The data below holds the lines to copy: everything from the line containing "Cars and other" to the line containing "What is the", both ends included, set down exactly.

◆ ◆ ◆ ◆ ◆

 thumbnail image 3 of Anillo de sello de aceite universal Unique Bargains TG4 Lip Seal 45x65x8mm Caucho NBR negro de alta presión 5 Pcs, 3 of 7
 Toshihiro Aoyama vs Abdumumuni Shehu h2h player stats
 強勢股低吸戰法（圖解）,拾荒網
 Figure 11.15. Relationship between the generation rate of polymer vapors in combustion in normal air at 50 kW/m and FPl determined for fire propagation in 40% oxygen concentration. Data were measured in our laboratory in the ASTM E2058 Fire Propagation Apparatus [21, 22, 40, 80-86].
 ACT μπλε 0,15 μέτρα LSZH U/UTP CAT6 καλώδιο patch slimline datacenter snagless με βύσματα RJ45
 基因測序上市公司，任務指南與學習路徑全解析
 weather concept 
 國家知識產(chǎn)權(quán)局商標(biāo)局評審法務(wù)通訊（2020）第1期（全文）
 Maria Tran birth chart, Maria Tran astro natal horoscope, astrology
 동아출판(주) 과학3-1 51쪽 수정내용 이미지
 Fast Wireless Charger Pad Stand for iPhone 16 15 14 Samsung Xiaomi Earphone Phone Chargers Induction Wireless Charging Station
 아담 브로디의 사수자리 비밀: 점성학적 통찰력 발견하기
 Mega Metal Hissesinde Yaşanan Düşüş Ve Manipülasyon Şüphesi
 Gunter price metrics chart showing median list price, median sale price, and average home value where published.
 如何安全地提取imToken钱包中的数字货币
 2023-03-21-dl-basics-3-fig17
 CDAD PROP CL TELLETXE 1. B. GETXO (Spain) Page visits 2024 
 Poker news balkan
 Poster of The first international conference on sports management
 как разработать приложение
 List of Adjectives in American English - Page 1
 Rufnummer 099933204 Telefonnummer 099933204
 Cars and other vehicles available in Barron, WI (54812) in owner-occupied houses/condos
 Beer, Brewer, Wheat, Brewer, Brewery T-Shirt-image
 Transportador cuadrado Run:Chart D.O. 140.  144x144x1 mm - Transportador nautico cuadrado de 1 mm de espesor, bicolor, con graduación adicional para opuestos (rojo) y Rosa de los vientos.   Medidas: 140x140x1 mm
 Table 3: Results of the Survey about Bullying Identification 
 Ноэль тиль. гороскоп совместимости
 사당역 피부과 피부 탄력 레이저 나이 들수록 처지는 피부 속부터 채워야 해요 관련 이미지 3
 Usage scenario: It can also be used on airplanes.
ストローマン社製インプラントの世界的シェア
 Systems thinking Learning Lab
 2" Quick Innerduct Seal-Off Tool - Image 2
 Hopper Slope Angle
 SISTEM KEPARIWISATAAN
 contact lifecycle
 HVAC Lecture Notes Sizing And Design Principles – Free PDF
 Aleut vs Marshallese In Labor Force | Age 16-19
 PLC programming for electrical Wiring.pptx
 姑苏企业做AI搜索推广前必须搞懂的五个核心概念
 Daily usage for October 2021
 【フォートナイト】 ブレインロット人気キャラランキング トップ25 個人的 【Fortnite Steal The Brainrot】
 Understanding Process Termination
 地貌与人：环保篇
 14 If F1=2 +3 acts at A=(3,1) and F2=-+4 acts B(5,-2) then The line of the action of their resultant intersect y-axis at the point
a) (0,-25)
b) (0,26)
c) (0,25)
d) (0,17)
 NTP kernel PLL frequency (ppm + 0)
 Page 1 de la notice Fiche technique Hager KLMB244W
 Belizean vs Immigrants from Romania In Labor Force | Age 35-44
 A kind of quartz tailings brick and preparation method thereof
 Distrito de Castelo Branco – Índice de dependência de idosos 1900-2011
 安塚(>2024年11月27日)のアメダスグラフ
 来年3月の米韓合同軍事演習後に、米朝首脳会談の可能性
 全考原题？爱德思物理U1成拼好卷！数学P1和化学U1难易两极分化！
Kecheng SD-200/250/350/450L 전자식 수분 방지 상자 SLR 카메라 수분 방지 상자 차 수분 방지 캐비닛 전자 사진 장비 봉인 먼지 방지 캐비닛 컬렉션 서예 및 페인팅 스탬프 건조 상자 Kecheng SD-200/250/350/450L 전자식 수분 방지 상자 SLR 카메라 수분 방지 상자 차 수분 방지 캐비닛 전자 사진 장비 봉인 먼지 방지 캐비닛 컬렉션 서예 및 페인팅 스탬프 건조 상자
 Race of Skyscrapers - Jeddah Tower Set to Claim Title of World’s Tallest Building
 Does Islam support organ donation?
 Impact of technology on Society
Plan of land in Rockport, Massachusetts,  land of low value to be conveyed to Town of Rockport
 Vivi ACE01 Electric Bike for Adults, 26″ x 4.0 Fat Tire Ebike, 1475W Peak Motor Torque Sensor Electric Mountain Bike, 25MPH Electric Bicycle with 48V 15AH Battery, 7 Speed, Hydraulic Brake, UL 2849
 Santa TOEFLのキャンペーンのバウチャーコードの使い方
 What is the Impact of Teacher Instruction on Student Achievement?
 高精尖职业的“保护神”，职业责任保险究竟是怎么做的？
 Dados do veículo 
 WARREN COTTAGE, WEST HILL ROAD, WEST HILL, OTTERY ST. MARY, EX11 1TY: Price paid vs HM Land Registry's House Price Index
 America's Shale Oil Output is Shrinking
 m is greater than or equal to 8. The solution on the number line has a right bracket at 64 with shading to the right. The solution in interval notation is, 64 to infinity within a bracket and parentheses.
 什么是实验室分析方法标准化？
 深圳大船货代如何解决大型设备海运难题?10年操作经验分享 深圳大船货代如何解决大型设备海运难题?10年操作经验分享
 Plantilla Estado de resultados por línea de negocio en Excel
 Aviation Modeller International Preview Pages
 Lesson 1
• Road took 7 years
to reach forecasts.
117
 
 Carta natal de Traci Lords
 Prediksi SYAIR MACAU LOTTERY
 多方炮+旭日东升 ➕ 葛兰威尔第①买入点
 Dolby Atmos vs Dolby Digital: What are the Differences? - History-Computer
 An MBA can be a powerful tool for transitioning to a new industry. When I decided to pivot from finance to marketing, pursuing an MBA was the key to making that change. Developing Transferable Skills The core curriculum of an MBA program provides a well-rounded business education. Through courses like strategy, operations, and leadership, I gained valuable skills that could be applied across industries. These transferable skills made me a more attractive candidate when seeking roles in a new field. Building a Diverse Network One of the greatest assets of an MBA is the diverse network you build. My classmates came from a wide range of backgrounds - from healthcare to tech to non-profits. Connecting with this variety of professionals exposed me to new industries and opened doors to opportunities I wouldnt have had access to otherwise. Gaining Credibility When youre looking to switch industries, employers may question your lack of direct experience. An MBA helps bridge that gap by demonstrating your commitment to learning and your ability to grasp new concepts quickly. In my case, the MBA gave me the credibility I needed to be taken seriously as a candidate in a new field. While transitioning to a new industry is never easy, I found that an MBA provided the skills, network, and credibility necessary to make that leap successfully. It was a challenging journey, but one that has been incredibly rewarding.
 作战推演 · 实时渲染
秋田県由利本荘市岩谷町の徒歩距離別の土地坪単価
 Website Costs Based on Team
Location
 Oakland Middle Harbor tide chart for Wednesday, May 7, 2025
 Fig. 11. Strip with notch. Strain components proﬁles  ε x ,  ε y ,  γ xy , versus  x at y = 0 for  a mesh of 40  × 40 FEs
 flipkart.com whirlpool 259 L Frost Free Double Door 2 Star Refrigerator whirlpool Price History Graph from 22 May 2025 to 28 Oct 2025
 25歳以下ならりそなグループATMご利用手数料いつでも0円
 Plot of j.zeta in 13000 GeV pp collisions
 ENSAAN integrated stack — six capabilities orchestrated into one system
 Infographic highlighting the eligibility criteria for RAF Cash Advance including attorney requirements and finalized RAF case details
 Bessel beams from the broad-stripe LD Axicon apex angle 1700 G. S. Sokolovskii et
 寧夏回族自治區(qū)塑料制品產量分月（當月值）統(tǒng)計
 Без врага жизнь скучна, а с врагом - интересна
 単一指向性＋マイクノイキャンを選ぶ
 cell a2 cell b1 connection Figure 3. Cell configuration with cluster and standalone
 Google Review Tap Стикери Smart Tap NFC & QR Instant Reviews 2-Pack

◆ ◆ ◆ ◆ ◆

- Solution to this exercise -
 Cars and other vehicles available in Barron, WI (54812) in owner-occupied houses/condos
 Beer, Brewer, Wheat, Brewer, Brewery T-Shirt-image
 Transportador cuadrado Run:Chart D.O. 140.  144x144x1 mm - Transportador nautico cuadrado de 1 mm de espesor, bicolor, con graduación adicional para opuestos (rojo) y Rosa de los vientos.   Medidas: 140x140x1 mm
 Table 3: Results of the Survey about Bullying Identification 
 Ноэль тиль. гороскоп совместимости
 사당역 피부과 피부 탄력 레이저 나이 들수록 처지는 피부 속부터 채워야 해요 관련 이미지 3
 Usage scenario: It can also be used on airplanes.
ストローマン社製インプラントの世界的シェア
 Systems thinking Learning Lab
 2" Quick Innerduct Seal-Off Tool - Image 2
 Hopper Slope Angle
 SISTEM KEPARIWISATAAN
 contact lifecycle
 HVAC Lecture Notes Sizing And Design Principles – Free PDF
 Aleut vs Marshallese In Labor Force | Age 16-19
 PLC programming for electrical Wiring.pptx
 姑苏企业做AI搜索推广前必须搞懂的五个核心概念
 Daily usage for October 2021
 【フォートナイト】 ブレインロット人気キャラランキング トップ25 個人的 【Fortnite Steal The Brainrot】
 Understanding Process Termination
 地貌与人：环保篇
 14 If F1=2 +3 acts at A=(3,1) and F2=-+4 acts B(5,-2) then The line of the action of their resultant intersect y-axis at the point
a) (0,-25)
b) (0,26)
c) (0,25)
d) (0,17)
 NTP kernel PLL frequency (ppm + 0)
 Page 1 de la notice Fiche technique Hager KLMB244W
 Belizean vs Immigrants from Romania In Labor Force | Age 35-44
 A kind of quartz tailings brick and preparation method thereof
 Distrito de Castelo Branco – Índice de dependência de idosos 1900-2011
 安塚(>2024年11月27日)のアメダスグラフ
 来年3月の米韓合同軍事演習後に、米朝首脳会談の可能性
 全考原题？爱德思物理U1成拼好卷！数学P1和化学U1难易两极分化！
Kecheng SD-200/250/350/450L 전자식 수분 방지 상자 SLR 카메라 수분 방지 상자 차 수분 방지 캐비닛 전자 사진 장비 봉인 먼지 방지 캐비닛 컬렉션 서예 및 페인팅 스탬프 건조 상자 Kecheng SD-200/250/350/450L 전자식 수분 방지 상자 SLR 카메라 수분 방지 상자 차 수분 방지 캐비닛 전자 사진 장비 봉인 먼지 방지 캐비닛 컬렉션 서예 및 페인팅 스탬프 건조 상자
 Race of Skyscrapers - Jeddah Tower Set to Claim Title of World’s Tallest Building
 Does Islam support organ donation?
 Impact of technology on Society
Plan of land in Rockport, Massachusetts,  land of low value to be conveyed to Town of Rockport
 Vivi ACE01 Electric Bike for Adults, 26″ x 4.0 Fat Tire Ebike, 1475W Peak Motor Torque Sensor Electric Mountain Bike, 25MPH Electric Bicycle with 48V 15AH Battery, 7 Speed, Hydraulic Brake, UL 2849
 Santa TOEFLのキャンペーンのバウチャーコードの使い方
 What is the Impact of Teacher Instruction on Student Achievement?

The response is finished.